§ **WHAT YOU WILL DO**: Repeat exactly, and nothing more, the lines from the one that includes "Polen Peru Herz Flagge" through the final line of the entries; skip the pictures.
----- DATA RECORDS -----
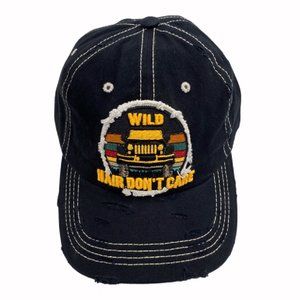 Off Road SUV Wild Hair Don’t Care Distressed Style Black Cap Hat - NEW Fast Ship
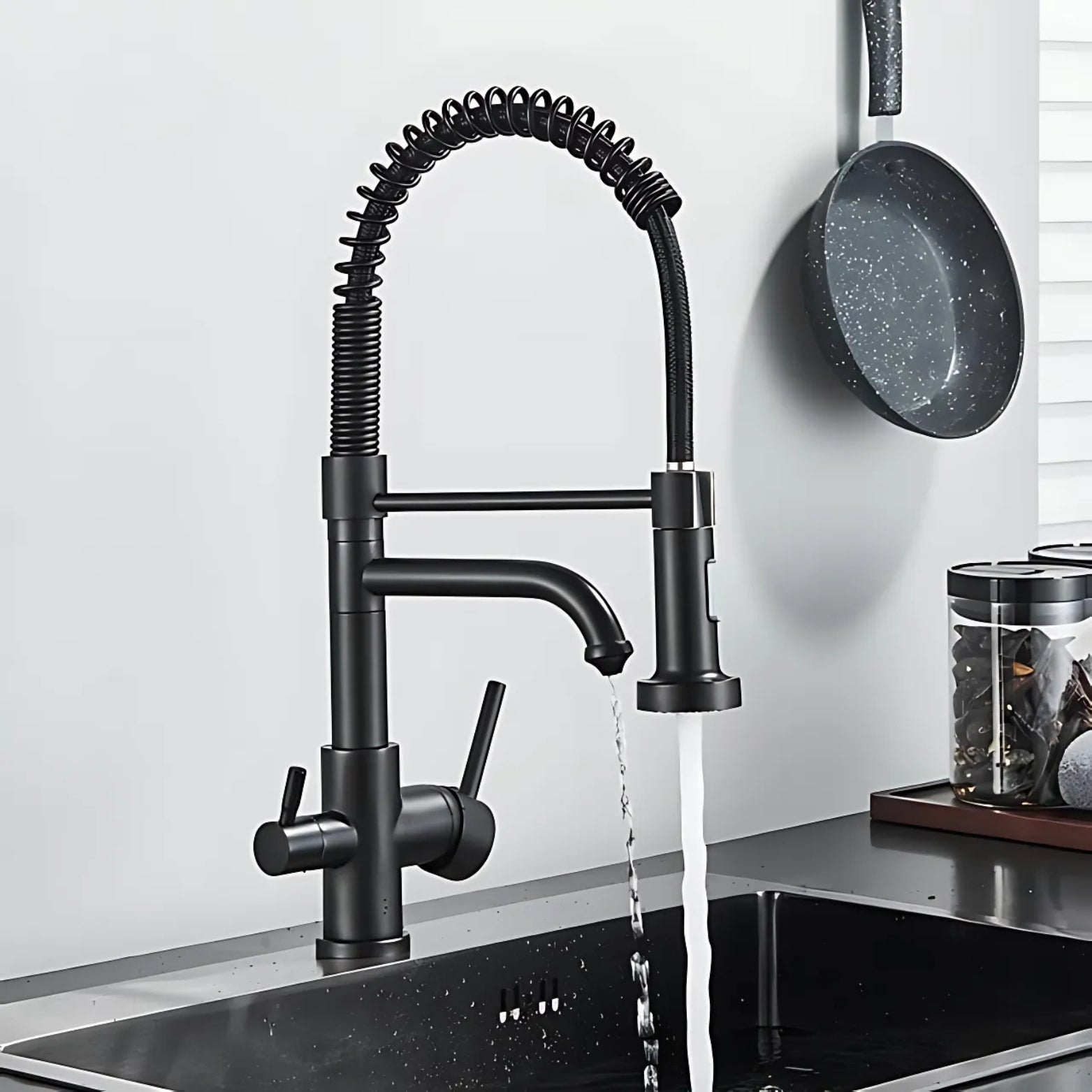 Black Three-Way Kitchen Faucet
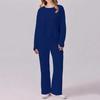 Women's 2-piece Casual Round Neck Sportswear Suit Loose And Fashionable Wide-leg Multi-pocket Sports Pants Suit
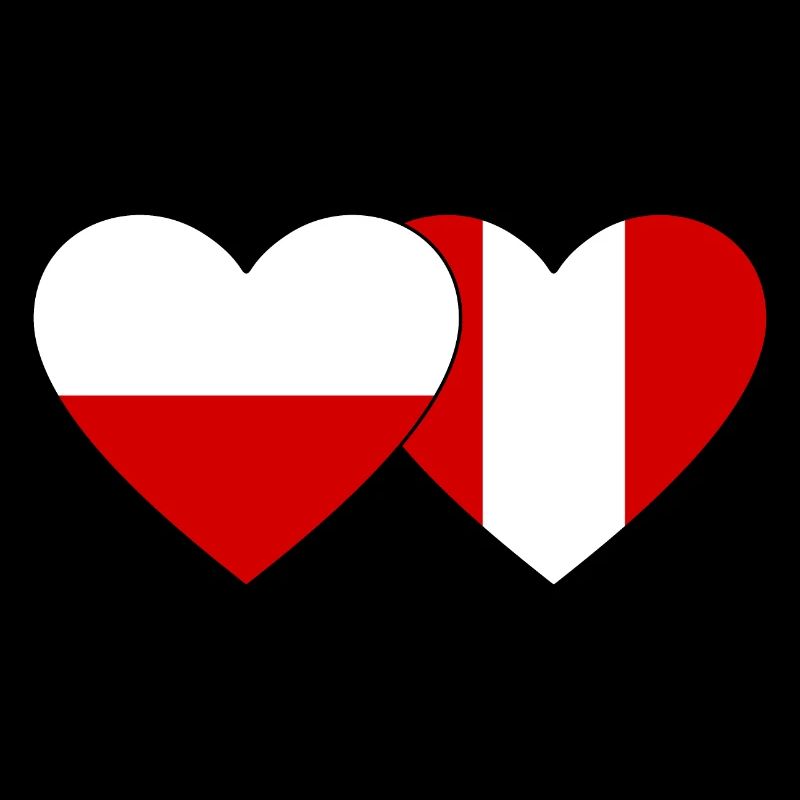 Polen Peru Herz Flagge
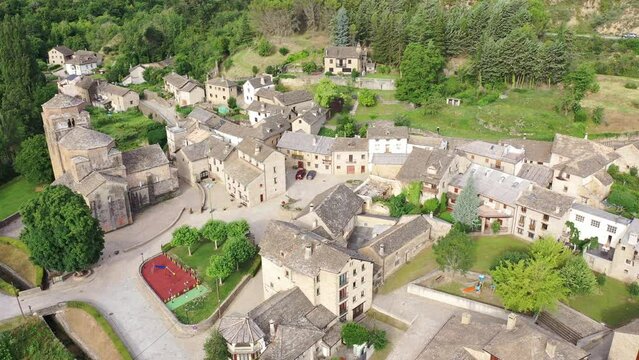 Aerial view of landscape of spanish village of Santa Cruz de la Seros on sunny day. Spain. High quality 4k footage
-----
§ **YOUR SOLUTION**:
 Polen Peru Herz Flagge
 Aerial view of landscape of spanish village of Santa Cruz de la Seros on sunny day. Spain. High quality 4k footage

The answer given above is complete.